I'd call it a honey amber - and a nice one at that!  You would see no hint of brown or orange in a true yellow.


----------



## MyIowagirl (Jan 25, 2013)

I actually called the Globe orange amber, but maybe it's just amber?  And the Lightning yellow amber.  But I guess if I like them it doesn't matter.[]


----------



## MNJars (Jan 25, 2013)

I guess my point was that it isn't just yellow.  Yellow amber is a fair description I would say.


----------



## deenodean (Jan 25, 2013)

Hi Jane, go to this website..   http://www.hoosierjar.com/  , the last jar on the page is TEAL. Go to the color guide on the left , then put your jar up to the screen and compare. This is the truest online color guide I have seen. Many people interpret colors differently , especially the color PUCE !!  Impressive collection you have there, thanks for sharing!


----------



## MyIowagirl (Jan 25, 2013)

Thank you.  I have been collecting for years actually, took a break for a few years and sold most of my commons.  But couldn't resist the urge to get them out again and enjoy them.


----------



## botlguy (Jan 25, 2013)

On my monitor the GLOBE looks spot on for its typical color (Orangeish Amber) so I would call the LIGHTNING:  Light Amber with Yellow undertones. 

 Now that sounds like nit picking but if you're going to collect a full array of LIGHTNING jars you will need to. The number of color and shade variations is almost infinite.
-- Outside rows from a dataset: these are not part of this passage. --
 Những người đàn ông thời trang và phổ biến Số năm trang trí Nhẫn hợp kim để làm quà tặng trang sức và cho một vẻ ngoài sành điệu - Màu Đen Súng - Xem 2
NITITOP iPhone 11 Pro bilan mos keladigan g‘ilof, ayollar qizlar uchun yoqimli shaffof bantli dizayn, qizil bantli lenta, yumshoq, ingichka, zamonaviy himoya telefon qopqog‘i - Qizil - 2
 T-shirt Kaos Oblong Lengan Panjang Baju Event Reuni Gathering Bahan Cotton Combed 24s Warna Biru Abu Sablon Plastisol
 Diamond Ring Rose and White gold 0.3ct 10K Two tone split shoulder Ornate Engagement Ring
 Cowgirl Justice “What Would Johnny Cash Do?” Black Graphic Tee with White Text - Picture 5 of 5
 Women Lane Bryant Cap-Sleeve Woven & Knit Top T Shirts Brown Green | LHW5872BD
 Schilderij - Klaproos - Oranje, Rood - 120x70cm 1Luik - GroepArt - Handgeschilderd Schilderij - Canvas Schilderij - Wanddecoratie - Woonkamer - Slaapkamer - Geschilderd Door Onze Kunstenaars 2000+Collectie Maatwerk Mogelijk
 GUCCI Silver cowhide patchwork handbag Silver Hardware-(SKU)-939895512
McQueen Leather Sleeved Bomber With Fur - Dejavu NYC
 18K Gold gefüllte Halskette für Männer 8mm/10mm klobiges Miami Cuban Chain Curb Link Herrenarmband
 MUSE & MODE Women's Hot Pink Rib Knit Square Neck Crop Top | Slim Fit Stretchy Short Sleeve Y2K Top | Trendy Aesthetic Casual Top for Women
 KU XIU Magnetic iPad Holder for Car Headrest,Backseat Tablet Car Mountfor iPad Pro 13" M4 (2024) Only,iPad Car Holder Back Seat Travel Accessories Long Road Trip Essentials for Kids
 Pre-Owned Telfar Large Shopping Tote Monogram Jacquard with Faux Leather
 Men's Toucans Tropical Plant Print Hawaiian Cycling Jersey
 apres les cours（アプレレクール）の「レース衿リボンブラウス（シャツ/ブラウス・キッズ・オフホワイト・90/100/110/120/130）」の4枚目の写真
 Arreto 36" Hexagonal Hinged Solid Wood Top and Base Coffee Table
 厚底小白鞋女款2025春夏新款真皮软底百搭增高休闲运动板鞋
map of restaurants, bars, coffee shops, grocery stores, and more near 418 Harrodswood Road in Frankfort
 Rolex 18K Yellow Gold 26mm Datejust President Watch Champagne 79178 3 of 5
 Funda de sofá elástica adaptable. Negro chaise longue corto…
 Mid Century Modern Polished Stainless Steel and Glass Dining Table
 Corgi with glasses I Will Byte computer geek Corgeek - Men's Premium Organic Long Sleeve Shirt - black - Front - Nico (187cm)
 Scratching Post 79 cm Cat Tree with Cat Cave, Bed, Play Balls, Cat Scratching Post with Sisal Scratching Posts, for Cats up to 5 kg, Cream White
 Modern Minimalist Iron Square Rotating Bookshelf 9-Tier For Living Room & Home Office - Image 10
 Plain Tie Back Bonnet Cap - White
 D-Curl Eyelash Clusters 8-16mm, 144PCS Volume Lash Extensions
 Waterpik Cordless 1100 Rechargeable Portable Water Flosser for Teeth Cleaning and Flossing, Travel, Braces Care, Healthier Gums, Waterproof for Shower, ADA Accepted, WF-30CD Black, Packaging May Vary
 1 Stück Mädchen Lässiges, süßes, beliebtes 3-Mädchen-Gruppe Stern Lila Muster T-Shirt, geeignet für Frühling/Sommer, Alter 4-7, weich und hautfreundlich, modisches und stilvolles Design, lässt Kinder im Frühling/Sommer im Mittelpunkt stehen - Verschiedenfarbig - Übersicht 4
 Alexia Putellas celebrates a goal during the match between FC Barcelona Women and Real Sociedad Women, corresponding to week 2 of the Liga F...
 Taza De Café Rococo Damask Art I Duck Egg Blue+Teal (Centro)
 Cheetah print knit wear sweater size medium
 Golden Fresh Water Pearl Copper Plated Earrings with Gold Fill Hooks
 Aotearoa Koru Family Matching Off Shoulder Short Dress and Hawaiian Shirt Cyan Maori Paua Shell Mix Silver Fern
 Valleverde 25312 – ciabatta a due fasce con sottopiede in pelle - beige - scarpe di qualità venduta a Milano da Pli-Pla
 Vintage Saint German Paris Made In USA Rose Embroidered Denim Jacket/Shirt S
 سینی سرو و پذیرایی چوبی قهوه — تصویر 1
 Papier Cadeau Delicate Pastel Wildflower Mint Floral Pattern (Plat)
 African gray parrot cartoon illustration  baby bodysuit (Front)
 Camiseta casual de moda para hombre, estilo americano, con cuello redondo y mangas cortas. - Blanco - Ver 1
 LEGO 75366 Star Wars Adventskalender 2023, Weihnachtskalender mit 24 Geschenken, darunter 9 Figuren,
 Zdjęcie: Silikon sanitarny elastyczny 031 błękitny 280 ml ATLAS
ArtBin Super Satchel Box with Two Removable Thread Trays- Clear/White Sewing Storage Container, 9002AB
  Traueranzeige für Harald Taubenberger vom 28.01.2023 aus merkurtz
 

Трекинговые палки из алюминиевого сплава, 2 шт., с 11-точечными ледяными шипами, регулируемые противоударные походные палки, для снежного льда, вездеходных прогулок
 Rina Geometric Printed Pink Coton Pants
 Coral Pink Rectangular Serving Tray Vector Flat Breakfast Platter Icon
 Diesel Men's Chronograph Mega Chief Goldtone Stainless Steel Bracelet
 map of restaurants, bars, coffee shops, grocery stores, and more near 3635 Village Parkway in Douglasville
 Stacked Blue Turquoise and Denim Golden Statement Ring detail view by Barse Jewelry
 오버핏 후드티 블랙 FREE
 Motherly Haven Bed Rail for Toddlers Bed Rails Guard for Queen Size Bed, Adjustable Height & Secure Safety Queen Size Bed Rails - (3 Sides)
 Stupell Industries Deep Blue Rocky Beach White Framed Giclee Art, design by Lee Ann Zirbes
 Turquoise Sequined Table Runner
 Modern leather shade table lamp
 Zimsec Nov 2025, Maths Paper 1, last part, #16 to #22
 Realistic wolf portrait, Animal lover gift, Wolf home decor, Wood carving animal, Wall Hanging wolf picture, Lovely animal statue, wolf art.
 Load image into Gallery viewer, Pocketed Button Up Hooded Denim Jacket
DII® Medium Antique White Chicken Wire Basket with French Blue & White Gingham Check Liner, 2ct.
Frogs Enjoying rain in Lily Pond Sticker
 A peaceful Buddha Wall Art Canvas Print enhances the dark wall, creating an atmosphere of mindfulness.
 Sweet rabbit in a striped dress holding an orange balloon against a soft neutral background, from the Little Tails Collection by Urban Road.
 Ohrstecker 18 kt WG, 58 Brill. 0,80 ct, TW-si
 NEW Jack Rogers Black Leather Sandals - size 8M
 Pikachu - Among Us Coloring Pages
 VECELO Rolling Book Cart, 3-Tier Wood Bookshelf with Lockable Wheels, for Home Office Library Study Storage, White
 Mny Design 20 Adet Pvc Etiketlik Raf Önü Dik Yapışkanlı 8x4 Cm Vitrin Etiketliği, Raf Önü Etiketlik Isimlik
I really admire LIGHTNING jars.


----------



## epackage (Jan 25, 2013)

I'd call it honey amber and amber, kinda like this pair...


----------



## TwistedTea12 (Jan 26, 2013)

I love these I'm gonna find a nice example sometime for a shelf piece... I found a clear Putnam one with the glass lid but I figured I would wait and find one I liked a bit more.. It was pretty cool though it said Lightning Patent 1858 and Putnam on the base


----------



## jskirk (Jan 26, 2013)

here is my best one next to an amber, kinda olive yellow.


----------